Before you get all excited about some modern-day burning bush story that ends with me uprooting my family and heading to Egypt, let me clarify that I didn’t see my bushes on fire (though if they HAD been…never mind). No, in that moment of holy hello the overwhelming feeling that bubbled up inside of me was gratitude. I began thinking about all of the reasons I had to sing: breath in my lungs, a roof over my head, family peacefully slumbering inside, good friends to share the journey with, food on my table, work that I love….but mostly, that there is a God who created all things, who is full of love and mercy, and who calls me his own. And so, in that moment, the song I had awoken singing became a prayer of thanksgiving to the One who calls me beloved.

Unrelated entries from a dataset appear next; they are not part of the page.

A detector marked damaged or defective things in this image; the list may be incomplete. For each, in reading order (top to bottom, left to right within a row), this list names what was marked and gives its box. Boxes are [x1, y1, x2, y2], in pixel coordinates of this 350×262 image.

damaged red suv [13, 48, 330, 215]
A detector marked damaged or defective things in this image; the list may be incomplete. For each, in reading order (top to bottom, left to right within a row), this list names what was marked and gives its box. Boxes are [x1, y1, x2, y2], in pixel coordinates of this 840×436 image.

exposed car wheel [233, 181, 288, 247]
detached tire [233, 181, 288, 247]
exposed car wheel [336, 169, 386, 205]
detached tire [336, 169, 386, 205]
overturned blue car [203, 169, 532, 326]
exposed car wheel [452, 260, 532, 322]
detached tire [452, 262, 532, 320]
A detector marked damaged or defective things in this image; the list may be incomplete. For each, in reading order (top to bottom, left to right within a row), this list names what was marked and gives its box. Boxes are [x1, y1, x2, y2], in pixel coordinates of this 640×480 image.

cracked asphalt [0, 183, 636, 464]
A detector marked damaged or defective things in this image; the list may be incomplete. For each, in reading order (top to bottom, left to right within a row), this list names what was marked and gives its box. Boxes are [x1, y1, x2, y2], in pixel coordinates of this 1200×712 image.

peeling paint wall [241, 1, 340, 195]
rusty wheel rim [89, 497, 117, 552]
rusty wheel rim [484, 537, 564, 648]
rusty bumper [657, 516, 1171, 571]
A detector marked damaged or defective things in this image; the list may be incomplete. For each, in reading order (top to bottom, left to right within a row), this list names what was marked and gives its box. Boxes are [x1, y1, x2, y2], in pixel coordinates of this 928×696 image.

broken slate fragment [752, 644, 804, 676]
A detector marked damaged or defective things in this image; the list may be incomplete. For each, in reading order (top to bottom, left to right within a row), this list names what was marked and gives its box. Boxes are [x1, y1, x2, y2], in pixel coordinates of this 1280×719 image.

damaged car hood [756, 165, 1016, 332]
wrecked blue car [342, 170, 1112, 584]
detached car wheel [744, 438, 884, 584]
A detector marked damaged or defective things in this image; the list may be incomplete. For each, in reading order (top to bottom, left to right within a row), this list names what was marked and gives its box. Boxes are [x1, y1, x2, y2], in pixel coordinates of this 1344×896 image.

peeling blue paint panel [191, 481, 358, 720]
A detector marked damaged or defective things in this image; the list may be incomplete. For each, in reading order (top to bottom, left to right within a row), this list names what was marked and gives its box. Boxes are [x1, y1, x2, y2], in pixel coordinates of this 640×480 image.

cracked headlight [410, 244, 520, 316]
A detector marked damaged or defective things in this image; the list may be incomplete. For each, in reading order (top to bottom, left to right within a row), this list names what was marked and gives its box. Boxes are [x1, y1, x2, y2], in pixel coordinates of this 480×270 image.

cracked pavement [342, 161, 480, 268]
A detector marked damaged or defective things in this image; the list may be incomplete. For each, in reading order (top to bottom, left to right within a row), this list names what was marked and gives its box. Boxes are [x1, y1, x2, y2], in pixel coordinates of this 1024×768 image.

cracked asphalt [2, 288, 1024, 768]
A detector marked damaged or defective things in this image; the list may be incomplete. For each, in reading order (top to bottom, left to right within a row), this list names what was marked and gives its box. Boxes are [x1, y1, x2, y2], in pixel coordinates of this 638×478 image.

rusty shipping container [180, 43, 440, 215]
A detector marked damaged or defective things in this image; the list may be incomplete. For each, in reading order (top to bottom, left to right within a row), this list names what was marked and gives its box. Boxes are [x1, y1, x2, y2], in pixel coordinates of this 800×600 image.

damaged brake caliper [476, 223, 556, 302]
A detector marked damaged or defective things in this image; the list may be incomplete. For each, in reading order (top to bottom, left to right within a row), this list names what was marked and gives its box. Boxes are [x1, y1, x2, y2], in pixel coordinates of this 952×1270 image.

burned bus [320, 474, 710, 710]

Gratitude is a powerful thing. I’m not talking about the merely polite “thank yous” we dole out when someone holds a door, hands us a receipt, or refills our water. I’m talking about that deep-from-your-soul spring of praise that bubbles up when you realize that you are walking with a holy presence, and the very fact that He IS means you are blessed. Maybe not materially, maybe not in health, maybe not financially, maybe not in peace…but for sure in the secure knowledge that you are held by the One who created the heavens and the earth and who holds eternity in his hands. And that is our hope. And that is our joy. And that, Wickham writes, is reason to sing.

That’s not to dismiss the horrors of the world–of which there are many. My heart breaks for the people of Israel, Gaza, Sudan, and Ukraine, especially the children whose lives are being ripped apart by unimaginable violence. I ache for those friends who are in the midst of the valley of the shadow of death–whether it be a physical loss of someone held dear, the end of a relationship, or a sudden change in life’s circumstance. But the fact that there is pain and suffering in the world shouldn’t diminish our capacity for gratitude, or cause us to cease lifting our voices in praise. On the contrary, I think, as God’s people, we are called to stand in front of that yawning pit of darkness and to fight it by lifting our voices together in a song of praise to the one who will make all things new.

Being grateful for what God has done in our lives doesn’t mean we’re ignoring the pain….it just means we’re choosing to put our hope in something more than that which can be found on Earth. And we know where that hope leads. It carries us to eternal joy, which is so much more than temporal happiness.

So this week, as we gather with loved ones to share a meal in a season meant for giving thanks, let’s lift our souls in songs of praise to the one who journeys with us, faithfully holding our hands as we navigate a road that can be broken, muddy, covered in boulders, hilly, and sometimes dark, knowing that he will lead us to where we need to be.